US: IDF op in Rafah over last day doesn’t amount to major offensive we’ve warned against

Jacob Magid is The Times of Israel's US bureau chief

Thick, black smoke rises from a fire in a building caused by Israeli bombardment in Rafah in the southern Gaza Strip on May 10, 2024. (AFP)
Thick, black smoke rises from a fire in a building caused by Israeli bombardment in Rafah in the southern Gaza Strip on May 10, 2024. (AFP)

The US does not believe that the IDF’s operation in Rafah during the last 24 hours amounts to a wide-scale military offensive, which President Joe Biden warned would lead him to halt offensive weapons shipments to Israel.

“I wouldn’t go so far as to say that what we’ve seen here in the last 24 hours connotes or indicates a broad, large-scale invasion or major ground operation. It appears to be localized near the crossing largely with the forces that they had put in there at the beginning,” White House National Security Council spokesperson John Kirby says.

At the beginning of the week, Israel launched an operation to take over the Palestinian side of the Rafah Crossing. On Thursday night the security cabinet voted to approve a measured expansion of the operation.

Israel has ordered some 100,000 Palestinians to evacuate from eastern neighborhoods of Rafah and has carried out repeated airstrikes in the area. It has also shut down the Rafah Crossing, offering no timetable for when the crossing will be opened for the delivery of aid.

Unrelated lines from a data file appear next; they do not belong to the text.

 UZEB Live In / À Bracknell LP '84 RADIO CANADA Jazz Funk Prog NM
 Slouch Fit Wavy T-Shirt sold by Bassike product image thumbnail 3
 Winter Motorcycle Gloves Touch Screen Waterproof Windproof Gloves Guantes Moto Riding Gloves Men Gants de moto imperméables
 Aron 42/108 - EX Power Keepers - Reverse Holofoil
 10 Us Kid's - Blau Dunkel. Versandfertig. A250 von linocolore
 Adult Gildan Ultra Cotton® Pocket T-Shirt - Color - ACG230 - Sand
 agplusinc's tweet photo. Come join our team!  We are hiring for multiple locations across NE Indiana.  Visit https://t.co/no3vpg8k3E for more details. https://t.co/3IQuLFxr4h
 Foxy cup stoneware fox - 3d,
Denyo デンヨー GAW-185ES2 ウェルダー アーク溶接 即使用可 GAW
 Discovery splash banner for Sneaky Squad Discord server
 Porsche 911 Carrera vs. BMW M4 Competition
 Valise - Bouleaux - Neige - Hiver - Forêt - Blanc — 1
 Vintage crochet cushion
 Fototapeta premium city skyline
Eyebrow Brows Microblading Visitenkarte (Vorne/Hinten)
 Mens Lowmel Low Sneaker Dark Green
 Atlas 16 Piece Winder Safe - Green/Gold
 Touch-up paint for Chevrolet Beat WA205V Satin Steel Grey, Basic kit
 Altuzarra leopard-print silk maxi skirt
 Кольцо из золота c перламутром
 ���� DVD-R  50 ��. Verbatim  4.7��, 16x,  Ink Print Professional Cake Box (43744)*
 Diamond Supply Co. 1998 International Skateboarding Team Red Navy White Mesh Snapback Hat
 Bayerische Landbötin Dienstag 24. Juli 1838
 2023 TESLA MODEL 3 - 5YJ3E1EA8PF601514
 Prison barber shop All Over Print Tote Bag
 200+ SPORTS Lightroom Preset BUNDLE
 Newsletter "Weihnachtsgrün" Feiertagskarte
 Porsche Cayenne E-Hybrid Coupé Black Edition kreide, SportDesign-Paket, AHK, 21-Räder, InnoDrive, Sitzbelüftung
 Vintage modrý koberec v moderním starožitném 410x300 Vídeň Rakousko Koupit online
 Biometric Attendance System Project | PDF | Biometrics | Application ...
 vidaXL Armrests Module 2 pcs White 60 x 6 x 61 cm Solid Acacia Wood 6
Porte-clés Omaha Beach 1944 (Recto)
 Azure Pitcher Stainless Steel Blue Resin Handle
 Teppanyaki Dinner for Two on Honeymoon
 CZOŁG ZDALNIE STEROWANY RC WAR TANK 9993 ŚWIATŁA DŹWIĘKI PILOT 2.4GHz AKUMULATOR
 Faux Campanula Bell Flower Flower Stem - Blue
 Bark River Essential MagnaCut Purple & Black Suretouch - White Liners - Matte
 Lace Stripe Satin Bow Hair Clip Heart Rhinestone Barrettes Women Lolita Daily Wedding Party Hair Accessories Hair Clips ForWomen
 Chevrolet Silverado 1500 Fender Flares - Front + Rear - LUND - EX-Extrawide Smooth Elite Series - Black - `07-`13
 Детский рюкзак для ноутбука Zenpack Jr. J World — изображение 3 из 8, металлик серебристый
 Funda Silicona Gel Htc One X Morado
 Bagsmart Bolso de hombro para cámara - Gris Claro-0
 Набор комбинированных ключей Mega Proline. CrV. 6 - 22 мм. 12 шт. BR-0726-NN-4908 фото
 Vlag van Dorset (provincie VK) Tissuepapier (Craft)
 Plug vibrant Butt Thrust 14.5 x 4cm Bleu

“We’re watching this with concern,” Kirby says during a briefing with reporters. “Everyday that crossing is not available and usable for humanitarian assistance, there’s going to be more suffering, and that’s a deep concern to us. We urge the Israelis to open up that crossing to humanitarian assistance immediately. That aid is desperately needed, and we urge them… to be as careful precise and discriminate as they can.”